# [Exercise data]

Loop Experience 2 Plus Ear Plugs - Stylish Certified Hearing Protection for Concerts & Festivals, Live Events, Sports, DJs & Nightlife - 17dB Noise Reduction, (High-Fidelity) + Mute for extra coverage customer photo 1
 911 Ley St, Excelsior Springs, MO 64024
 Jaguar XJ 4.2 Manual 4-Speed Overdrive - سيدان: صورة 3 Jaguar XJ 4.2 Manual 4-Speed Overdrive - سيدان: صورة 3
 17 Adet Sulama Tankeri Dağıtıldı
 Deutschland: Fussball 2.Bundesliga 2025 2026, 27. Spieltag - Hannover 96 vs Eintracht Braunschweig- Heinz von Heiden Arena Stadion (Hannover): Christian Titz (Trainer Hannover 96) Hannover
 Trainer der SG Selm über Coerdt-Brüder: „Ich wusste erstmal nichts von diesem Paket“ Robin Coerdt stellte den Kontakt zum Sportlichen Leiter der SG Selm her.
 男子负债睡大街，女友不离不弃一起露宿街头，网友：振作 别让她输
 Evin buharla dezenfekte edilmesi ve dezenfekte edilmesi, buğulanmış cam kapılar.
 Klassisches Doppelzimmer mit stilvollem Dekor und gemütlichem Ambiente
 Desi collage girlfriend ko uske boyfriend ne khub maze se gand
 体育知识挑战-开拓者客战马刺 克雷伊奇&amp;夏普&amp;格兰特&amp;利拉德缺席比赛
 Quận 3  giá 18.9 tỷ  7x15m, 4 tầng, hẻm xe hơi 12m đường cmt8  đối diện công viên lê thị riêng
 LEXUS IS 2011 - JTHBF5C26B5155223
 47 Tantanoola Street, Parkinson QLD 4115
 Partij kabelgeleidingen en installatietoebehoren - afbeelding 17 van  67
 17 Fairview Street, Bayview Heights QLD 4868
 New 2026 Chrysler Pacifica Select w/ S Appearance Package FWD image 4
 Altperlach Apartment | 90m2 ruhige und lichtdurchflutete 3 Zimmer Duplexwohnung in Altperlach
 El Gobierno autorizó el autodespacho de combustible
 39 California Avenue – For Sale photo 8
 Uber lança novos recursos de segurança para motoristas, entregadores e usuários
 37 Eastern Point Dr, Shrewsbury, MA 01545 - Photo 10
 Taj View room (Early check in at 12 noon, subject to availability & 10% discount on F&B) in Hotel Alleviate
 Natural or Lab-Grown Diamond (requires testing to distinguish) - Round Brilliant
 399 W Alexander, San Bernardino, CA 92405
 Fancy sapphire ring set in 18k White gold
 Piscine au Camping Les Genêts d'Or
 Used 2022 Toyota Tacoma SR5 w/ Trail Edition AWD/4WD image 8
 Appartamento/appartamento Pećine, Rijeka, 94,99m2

# [Work instructions]
Transcribe the data exactly.

# [Solution below]
Loop Experience 2 Plus Ear Plugs - Stylish Certified Hearing Protection for Concerts & Festivals, Live Events, Sports, DJs & Nightlife - 17dB Noise Reduction, (High-Fidelity) + Mute for extra coverage customer photo 1
 911 Ley St, Excelsior Springs, MO 64024
 Jaguar XJ 4.2 Manual 4-Speed Overdrive - سيدان: صورة 3 Jaguar XJ 4.2 Manual 4-Speed Overdrive - سيدان: صورة 3
 17 Adet Sulama Tankeri Dağıtıldı
 Deutschland: Fussball 2.Bundesliga 2025 2026, 27. Spieltag - Hannover 96 vs Eintracht Braunschweig- Heinz von Heiden Arena Stadion (Hannover): Christian Titz (Trainer Hannover 96) Hannover
 Trainer der SG Selm über Coerdt-Brüder: „Ich wusste erstmal nichts von diesem Paket“ Robin Coerdt stellte den Kontakt zum Sportlichen Leiter der SG Selm her.
 男子负债睡大街，女友不离不弃一起露宿街头，网友：振作 别让她输
 Evin buharla dezenfekte edilmesi ve dezenfekte edilmesi, buğulanmış cam kapılar.
 Klassisches Doppelzimmer mit stilvollem Dekor und gemütlichem Ambiente
 Desi collage girlfriend ko uske boyfriend ne khub maze se gand
 体育知识挑战-开拓者客战马刺 克雷伊奇&amp;夏普&amp;格兰特&amp;利拉德缺席比赛
 Quận 3  giá 18.9 tỷ  7x15m, 4 tầng, hẻm xe hơi 12m đường cmt8  đối diện công viên lê thị riêng
 LEXUS IS 2011 - JTHBF5C26B5155223
 47 Tantanoola Street, Parkinson QLD 4115
 Partij kabelgeleidingen en installatietoebehoren - afbeelding 17 van  67
 17 Fairview Street, Bayview Heights QLD 4868
 New 2026 Chrysler Pacifica Select w/ S Appearance Package FWD image 4
 Altperlach Apartment | 90m2 ruhige und lichtdurchflutete 3 Zimmer Duplexwohnung in Altperlach
 El Gobierno autorizó el autodespacho de combustible
 39 California Avenue – For Sale photo 8
 Uber lança novos recursos de segurança para motoristas, entregadores e usuários
 37 Eastern Point Dr, Shrewsbury, MA 01545 - Photo 10
 Taj View room (Early check in at 12 noon, subject to availability & 10% discount on F&B) in Hotel Alleviate
 Natural or Lab-Grown Diamond (requires testing to distinguish) - Round Brilliant
 399 W Alexander, San Bernardino, CA 92405
 Fancy sapphire ring set in 18k White gold
 Piscine au Camping Les Genêts d'Or
 Used 2022 Toyota Tacoma SR5 w/ Trail Edition AWD/4WD image 8
 Appartamento/appartamento Pećine, Rijeka, 94,99m2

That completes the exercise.